_TASK DETAILS:_ Copy exactly the lines of the data below, beginning with the line with "Wake Up Ford" and ending with the line with "McLaren Car Key". Pictures are to be omitted.
===== SOURCE DATA
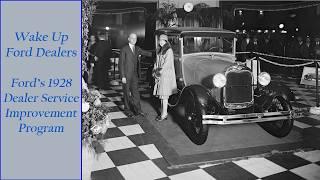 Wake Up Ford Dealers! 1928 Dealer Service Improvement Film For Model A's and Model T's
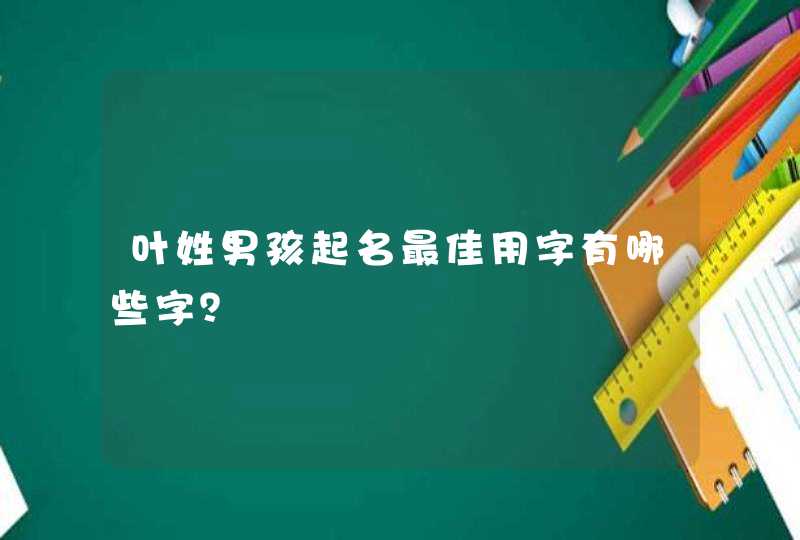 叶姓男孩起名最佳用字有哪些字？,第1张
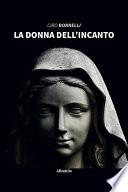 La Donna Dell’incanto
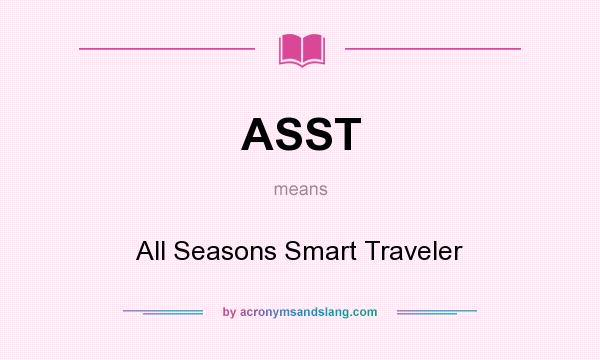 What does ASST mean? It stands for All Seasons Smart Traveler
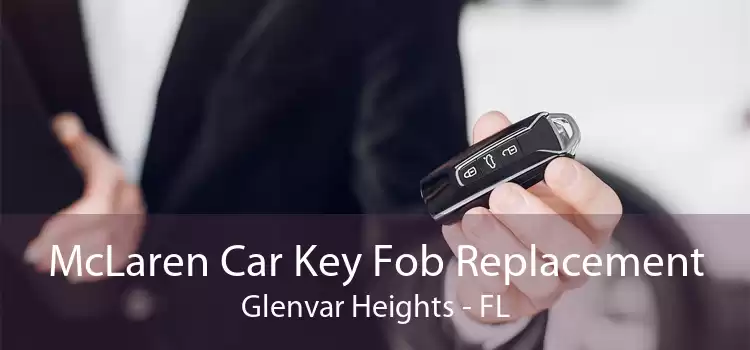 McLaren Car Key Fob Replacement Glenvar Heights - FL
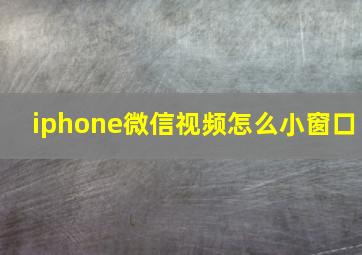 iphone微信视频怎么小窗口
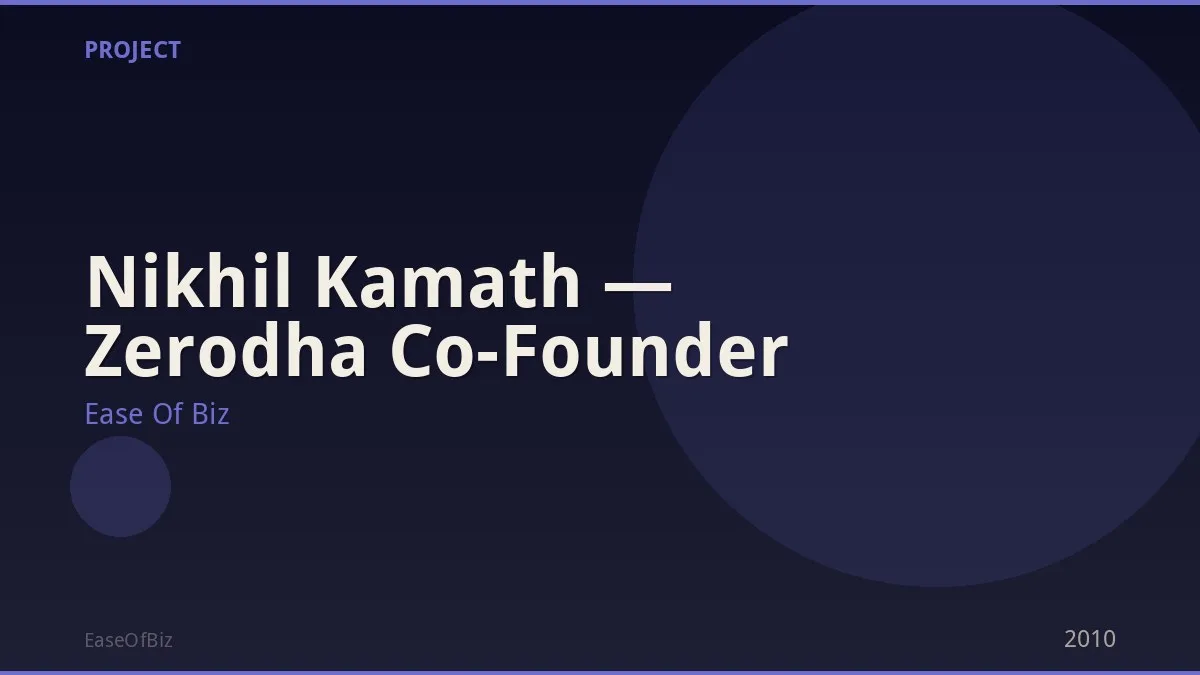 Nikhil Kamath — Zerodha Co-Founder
==========
===== SOURCE DATA
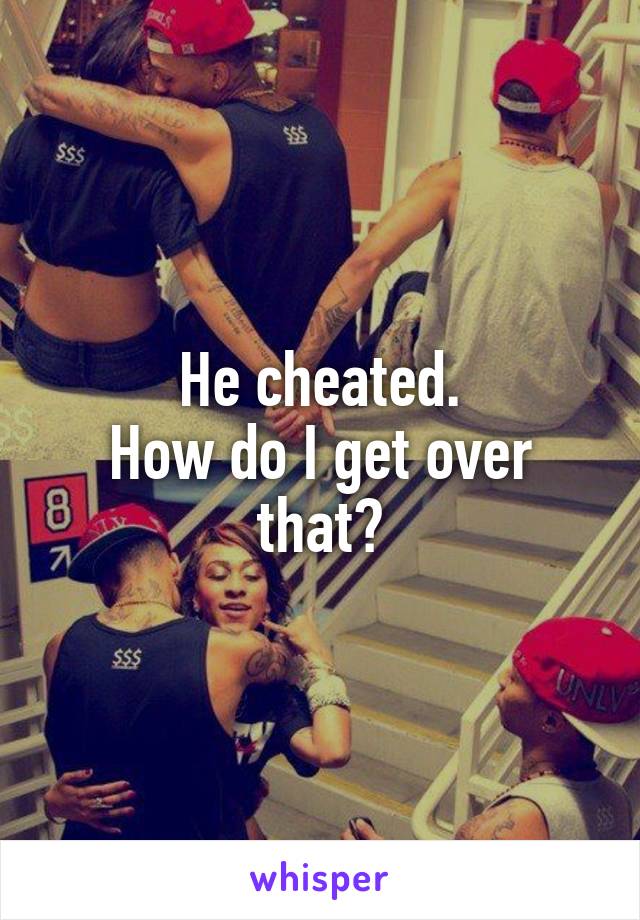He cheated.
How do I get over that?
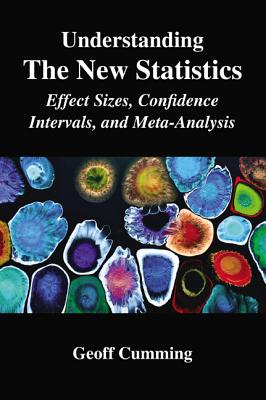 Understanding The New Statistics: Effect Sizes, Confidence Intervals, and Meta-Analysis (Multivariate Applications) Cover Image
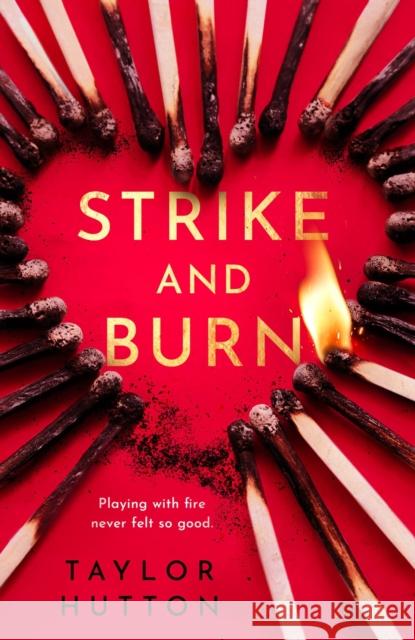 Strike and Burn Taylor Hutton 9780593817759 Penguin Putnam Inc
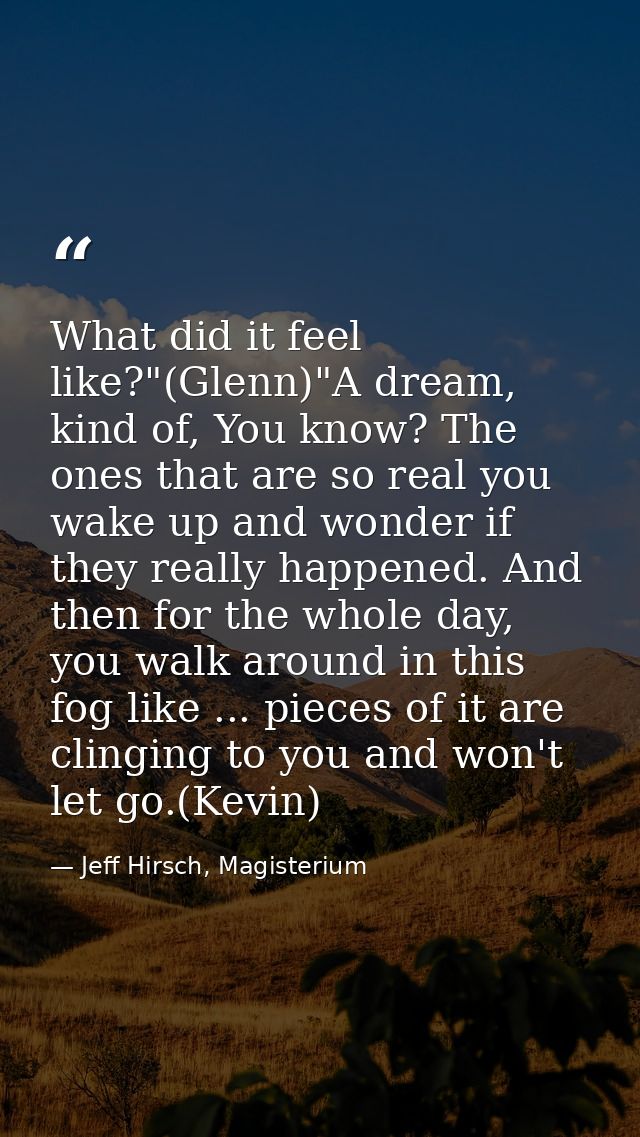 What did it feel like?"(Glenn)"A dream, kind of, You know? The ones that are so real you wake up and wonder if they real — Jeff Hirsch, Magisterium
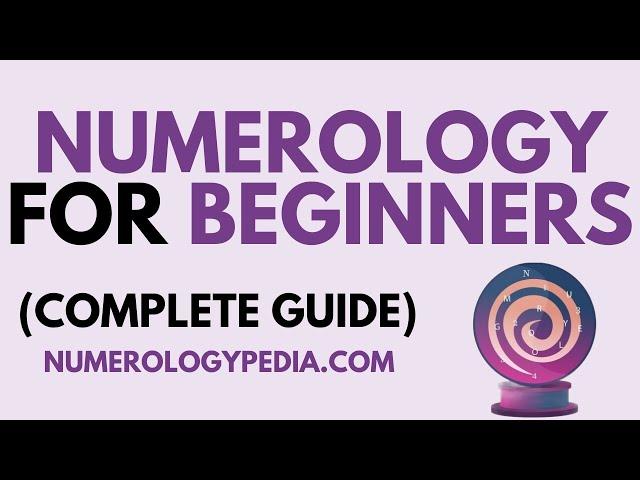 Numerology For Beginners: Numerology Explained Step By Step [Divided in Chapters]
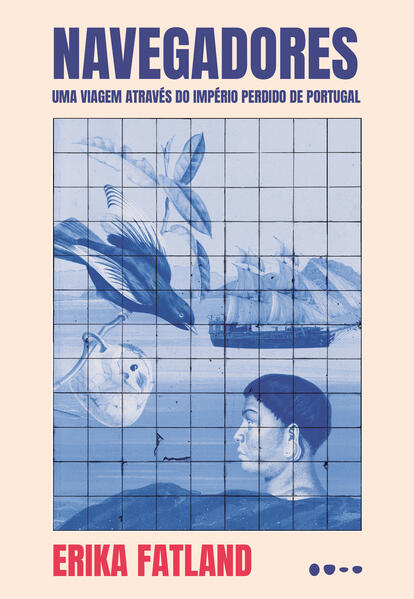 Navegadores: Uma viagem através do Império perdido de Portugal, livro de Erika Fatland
==========
_RESPONSE AREA:_
 Wake Up Ford Dealers! 1928 Dealer Service Improvement Film For Model A's and Model T's
 叶姓男孩起名最佳用字有哪些字？,第1张
 La Donna Dell’incanto
 What does ASST mean? It stands for All Seasons Smart Traveler
 McLaren Car Key Fob Replacement Glenvar Heights - FL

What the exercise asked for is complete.